Со многими из них я не встречался ни разу с тех пор, как мы поехали за границу; с некоторыми виделся потом в Москве и Петербурге; но в дружестве или товариществе ни с кем из них не был впоследствии.
В живых из 21 еще, сколько мне известно: П. Г. Редкин, Сокольский, Мих[аил] Куторга
[258], Корнух-Троцкий, Котельников, Ивановский
[259] и покуда я еще, – шестеро, и то не наверное; значит, смерть похитила в течение 53 лет 15, вероятно, и более.

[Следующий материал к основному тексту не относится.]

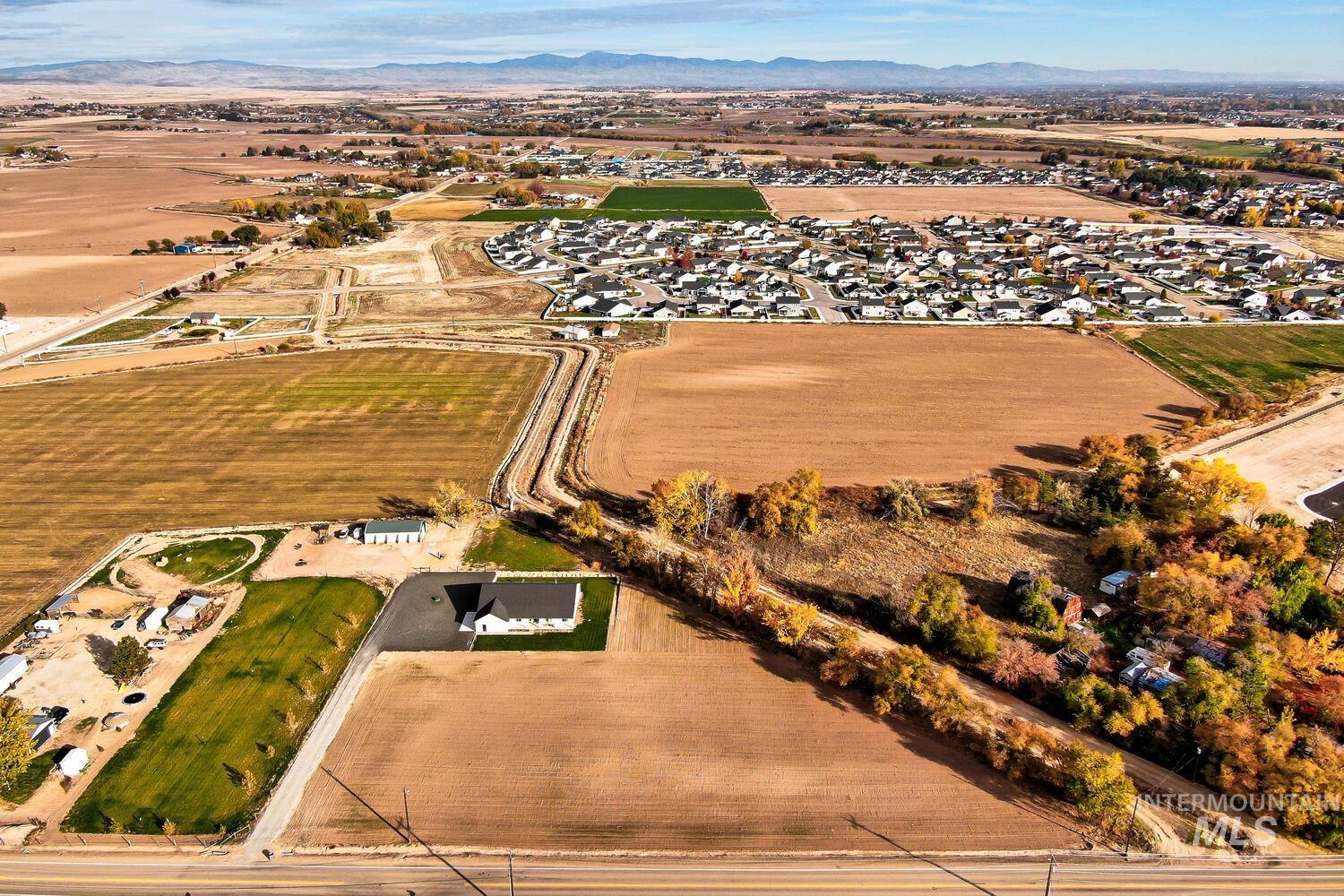Aerial overview of property's location with rural landscape, a mountain backdrop, and abundant farmland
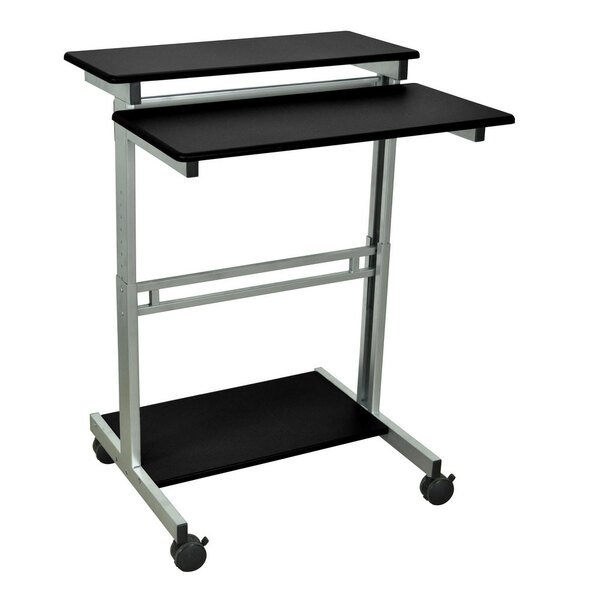 A black and silver Luxor stand up workstation with wheels.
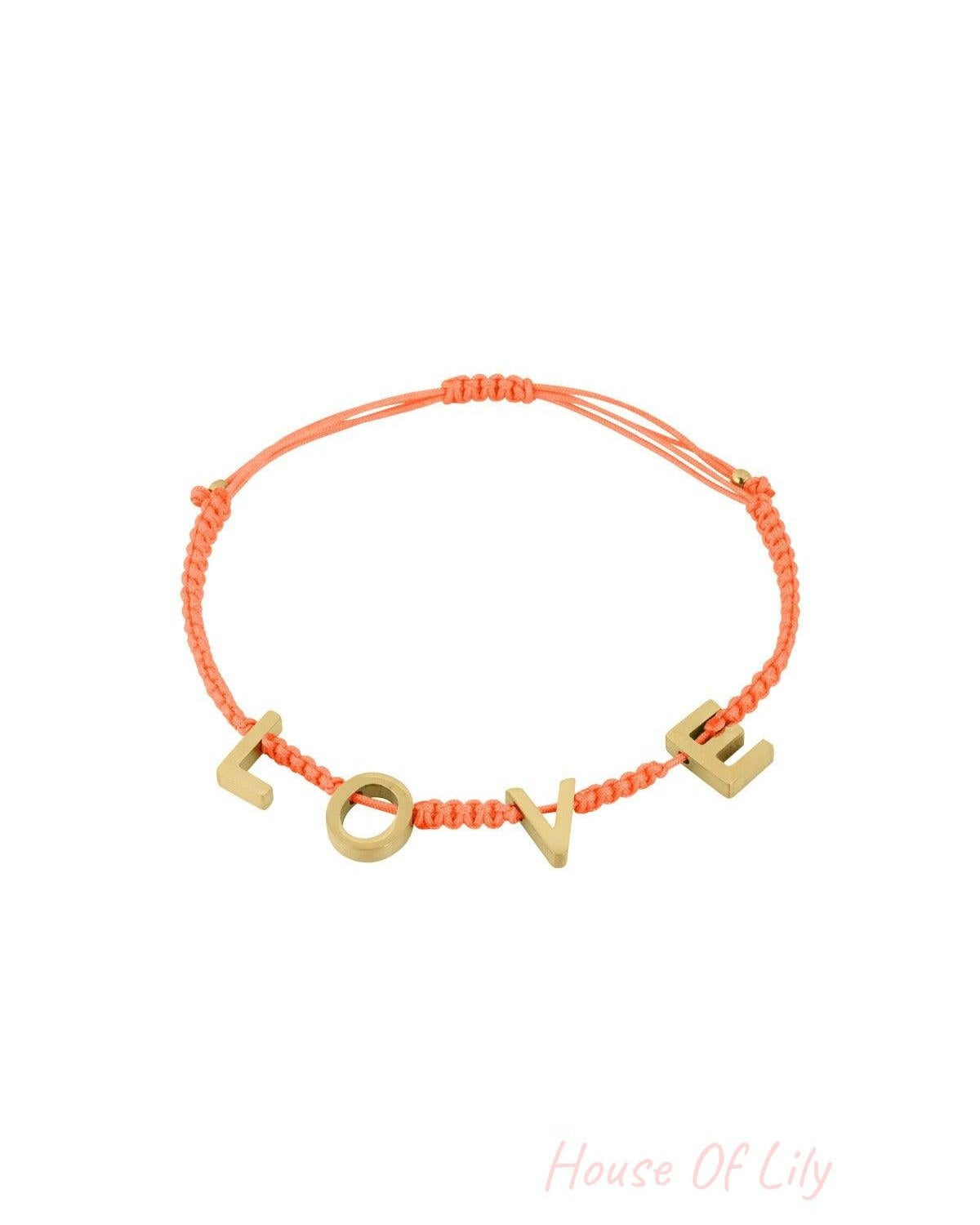 Coral orange braided LOVE bracelet with polished gold letters shown against white background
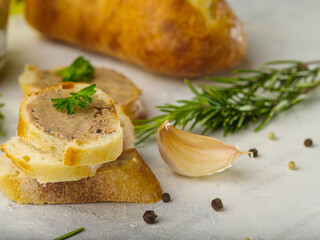 Sandwiches isolated on a white background - slices of a baguette with French foie gras, green...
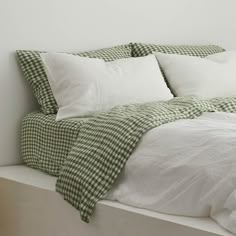 a bed with white sheets and green gingham checkered pillow cases on it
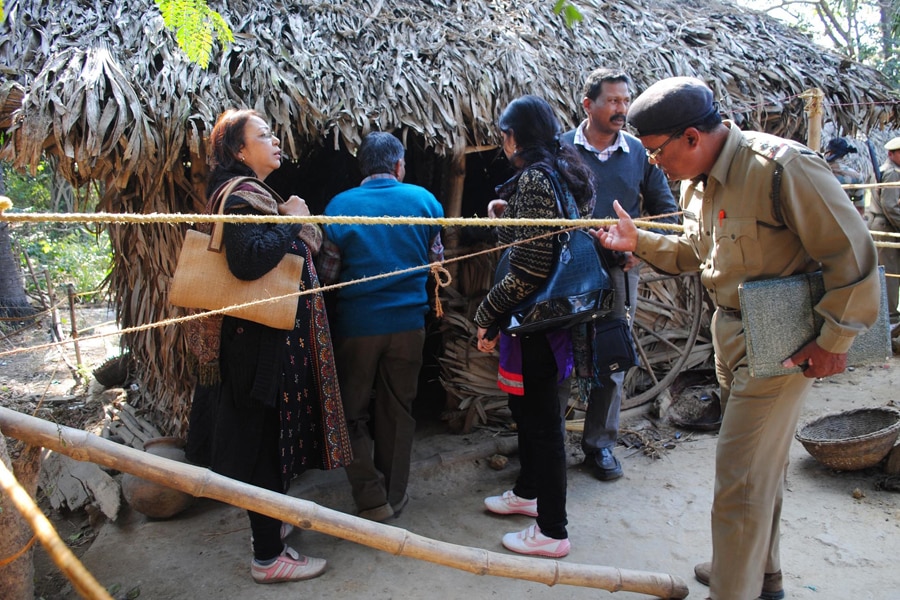 Policemen and forensic experts inspect the site where a woman was gang raped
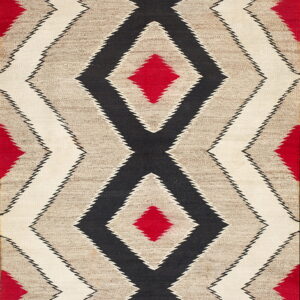 Flatwoven rug with serrated black, red, gray, and white geometric diamond designs.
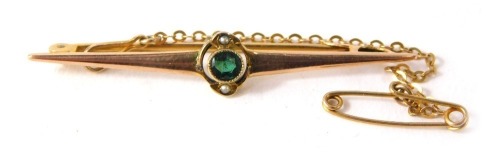 A bar brooch, set with central blue topaz and two seed pearls on a yellow metal base stamped 9ct, 4.5cm diameter, with safety chain, 2.2g all in.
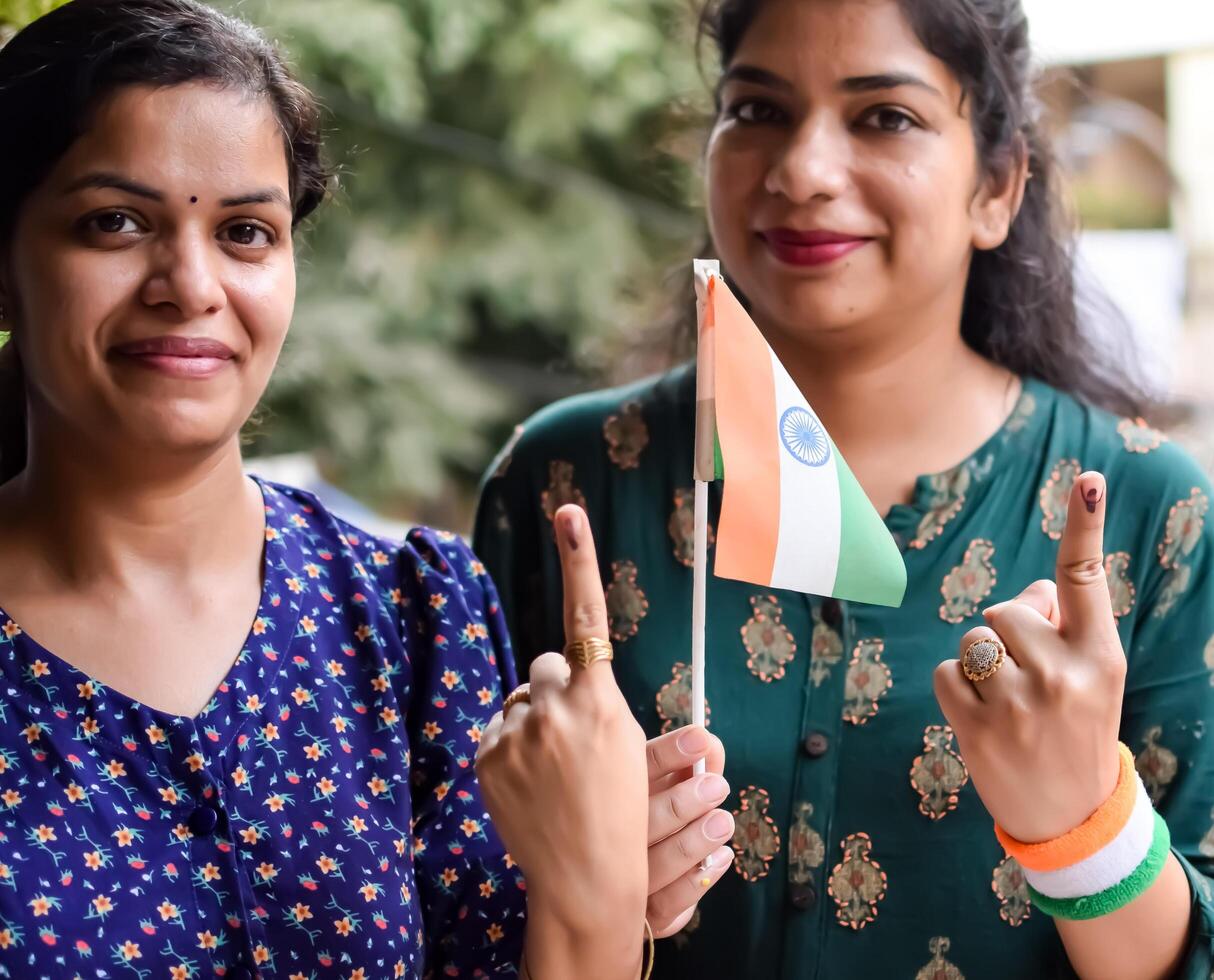Two Smart young lady showing her ink-marked fingers after casting votes in front of polling booth of east Delhi area for general Lok Sabha Elections 2024 photo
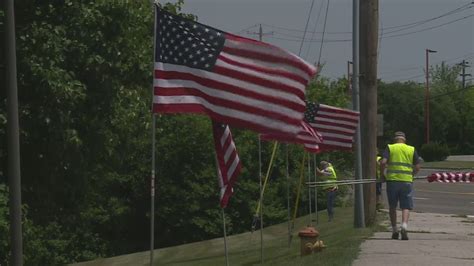 Local group displays hundreds of flags to honor fallen marine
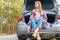 Young woman sitting on car trunk with coffee cups and thermos on the side of the road in the forest in warm fall or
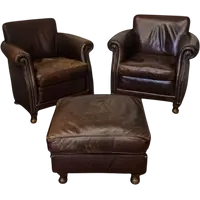 Paire de fauteuils en cuir avec pouf - 20e siècle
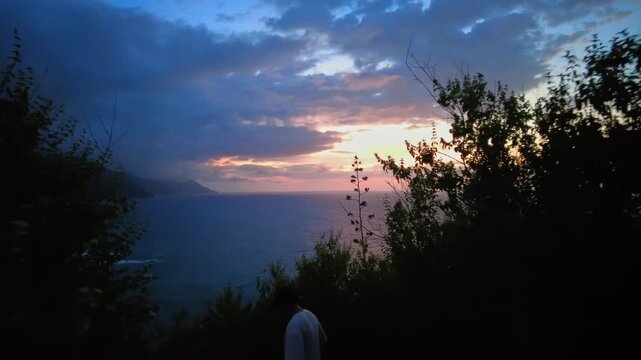 POV descending a dense mountain overlooking Choroni Bay with the sunset in the background, billowing clouds in the distance, Aragua, Venezuela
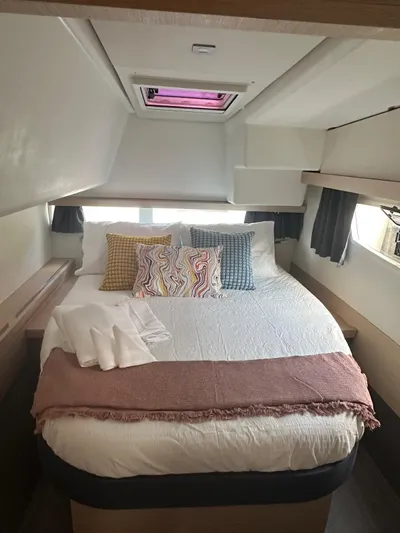 Vahevala Yacht Photos Pics Cozy bedroom in 2019 Fountaine Pajot Lucia 40 catamaran with colorful pillows and soft lighting.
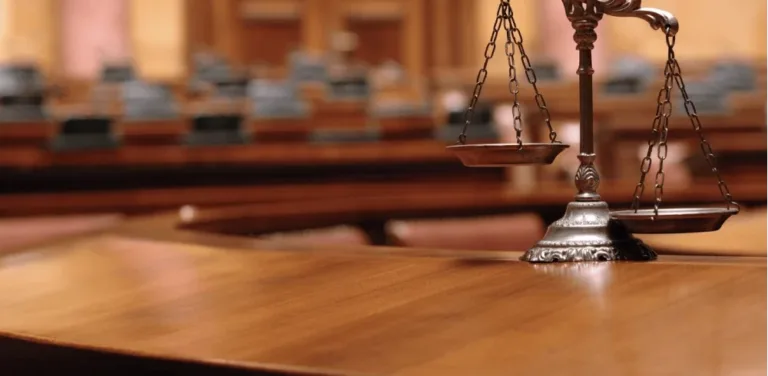 Scales of justice on a wooden courtroom bench with empty seats in the background.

Двое умерли еще в Дерпте: Шкляревский, чудный парень и поэт (С.-Петербургского университета), – от чахотки и один (ипохондрик довольно ограниченных способностей, из Харькова) – от холеры; остальные потом, и из них один, Чивилев
[260], бывший наставником у покойного наследника Николая Александровича, сгорел в Царскосельском дворце (по слухам, от руки сына).
Измучившись ездою на перекладной, никогда еще не ездивши по дорогам с перекладинами из бревен, которые заменяли в то время во многих местах шоссе, мы остановились сначала в какой-то гостинице, едва ли не «Демут», в С.-Петербурге, а потом для нас отвели пустопорожнее помещение в тогдашнем университетском доме, кажется, у Семеновского моста.
Первый визит был хозяину Щучьего Двора, как его тогда звали, директору департамента народного просвещения (Д. И. Языкову), какому-то молчаливому и натянутому бюрократу; приглашены были к нему на обед; обедали скучно и безмолвно, а потом представились и самому министру народного просвещения, князю Ливену
[261], генералу-немцу, говорившему весьма плохо по-русски, пиетисту по убеждению.
Назначен был, наконец, экзамен в Академии наук.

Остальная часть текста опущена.